Tuesday, December 15, 2009
The PKCS #12 Format
The PKCS #12 Format
The
PKCS #12 format is defined in RSA Security's PKCS #12 standard and was
primarily designed as a means of encoding personal credentials that
consisted of private keys and certificates. It can be used in several
ways that are based around the combination of two privacy modes and two
integrity modes. The privacy mode can be one of password-based
encryption (PBE), or through public key encryption. Likewise the
integrity mode can be one of an HMAC based on a password and PBE or a
digital signature. The format is important, as it is the most common
way of dealing with private keys when you need to import them into
another application such as a Web browser to introduce personal
credentials or some other application that allows you to receive
encrypted data or send signed information.

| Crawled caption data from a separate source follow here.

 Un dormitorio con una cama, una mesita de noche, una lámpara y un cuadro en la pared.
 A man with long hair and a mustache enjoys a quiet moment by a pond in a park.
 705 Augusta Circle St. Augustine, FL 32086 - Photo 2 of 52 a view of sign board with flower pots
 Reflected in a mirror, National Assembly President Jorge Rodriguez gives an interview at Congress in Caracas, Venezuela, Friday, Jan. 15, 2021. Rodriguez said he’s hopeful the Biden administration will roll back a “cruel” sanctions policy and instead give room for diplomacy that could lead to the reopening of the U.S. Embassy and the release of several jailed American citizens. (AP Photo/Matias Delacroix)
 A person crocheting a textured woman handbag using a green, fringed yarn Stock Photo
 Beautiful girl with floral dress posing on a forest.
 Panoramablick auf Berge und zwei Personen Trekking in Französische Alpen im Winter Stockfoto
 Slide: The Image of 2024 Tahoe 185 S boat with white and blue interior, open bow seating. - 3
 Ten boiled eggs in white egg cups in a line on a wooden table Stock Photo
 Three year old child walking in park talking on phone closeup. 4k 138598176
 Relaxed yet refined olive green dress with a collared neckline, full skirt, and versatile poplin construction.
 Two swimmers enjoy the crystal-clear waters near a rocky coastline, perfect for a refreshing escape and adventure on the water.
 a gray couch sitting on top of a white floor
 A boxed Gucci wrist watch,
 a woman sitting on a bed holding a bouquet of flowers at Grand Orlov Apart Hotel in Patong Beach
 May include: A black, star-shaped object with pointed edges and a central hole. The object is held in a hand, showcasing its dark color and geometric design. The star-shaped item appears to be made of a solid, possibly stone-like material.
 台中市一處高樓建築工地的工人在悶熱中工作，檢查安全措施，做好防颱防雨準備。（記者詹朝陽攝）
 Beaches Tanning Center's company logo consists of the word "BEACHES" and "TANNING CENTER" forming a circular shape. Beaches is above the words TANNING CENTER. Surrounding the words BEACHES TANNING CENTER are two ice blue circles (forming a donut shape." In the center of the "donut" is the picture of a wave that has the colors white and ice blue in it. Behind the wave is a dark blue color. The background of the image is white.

The encoding specified for the format is ASN.1 using the BER rules and the file structure is built around the PFX structure, which is defined as follows:
PFX ::= SEQUENCE {
version INTEGER {v3(3)}(v3,...),
authSafe ContentInfo,
macData MacData OPTIONAL }
MacData ::= SEQUENCE {
mac DigestInfo,
macSalt OCTET STRING,
iterations INTEGER DEFAULT 1 }
The MacData structure is present only if PBE is used for the integrity mode of the PFX. It is very rare to see iterations set to its default value; normally it will be over 1,000.
The ContentInfo structure is defined in PKCS #7 as follows:
ContentInfo ::= SEQUENCE {
contentType ContentType,
content [0] EXPLICIT CONTENTS.&Type({Contents}{@contentType}) OPTIONAL }
which, in case you've forgotten, translates into
English as: What you will find in the content field depends on what the
value is in the contentType field. The type of the contentType field, ContentType, is derived from a set of OIDs and reduces to a restricted version of the following:
ContentType ::= OBJECT IDENTIFIER
You will have a closer look at ContentInfo in the next chapter
when you read about Cryptographic Message Syntax (CMS), but for the
sake of PKCS #12, two object identifiers are recognized in the contentType field of the ContentInfo structure contained in the PFX structure: data and signedData. These two object identifiers have the following definition:
pkcs-7 OBJECT IDENTIFIER ::=
{ iso(1) member-body(2) us(840) rsadsi(113549) pkcs(1) 7 }
data OBJECT IDENTIFIER ::= { pkcs-7 1 }
signedData OBJECT IDENTIFIER ::= { pkcs-7 2 }
and which one you will find in the contentType field depends on whether the content of the PFX is integrity-protected using a password—in which case it will be data, or integrity-protected using a digital signature—in which case it will be signedData.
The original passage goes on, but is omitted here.